§ DESCRIPTION OF THE TASK: Return every line of the records that includes the string "Black".

§ DATA FOR THE TASK:
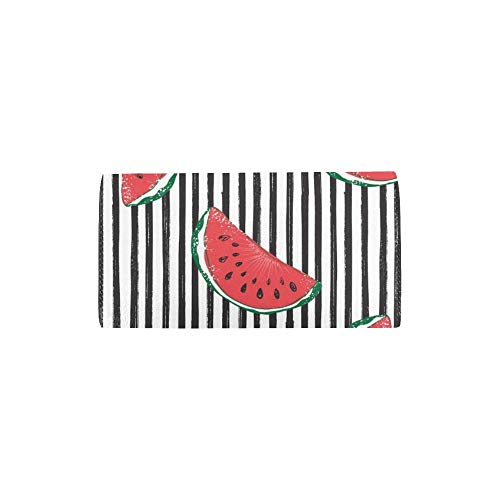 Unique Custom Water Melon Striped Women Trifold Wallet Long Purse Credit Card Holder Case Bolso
--
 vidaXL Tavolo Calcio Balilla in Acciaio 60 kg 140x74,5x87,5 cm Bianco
* * *
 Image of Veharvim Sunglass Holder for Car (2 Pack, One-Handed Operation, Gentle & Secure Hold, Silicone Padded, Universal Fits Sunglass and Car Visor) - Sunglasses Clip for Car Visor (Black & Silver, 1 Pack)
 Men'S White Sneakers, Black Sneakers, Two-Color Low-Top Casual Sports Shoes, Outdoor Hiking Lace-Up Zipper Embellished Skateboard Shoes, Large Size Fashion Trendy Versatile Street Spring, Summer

§ RESULT OF THE EXERCISE:
 Image of Veharvim Sunglass Holder for Car (2 Pack, One-Handed Operation, Gentle & Secure Hold, Silicone Padded, Universal Fits Sunglass and Car Visor) - Sunglasses Clip for Car Visor (Black & Silver, 1 Pack)
 Men'S White Sneakers, Black Sneakers, Two-Color Low-Top Casual Sports Shoes, Outdoor Hiking Lace-Up Zipper Embellished Skateboard Shoes, Large Size Fashion Trendy Versatile Street Spring, Summer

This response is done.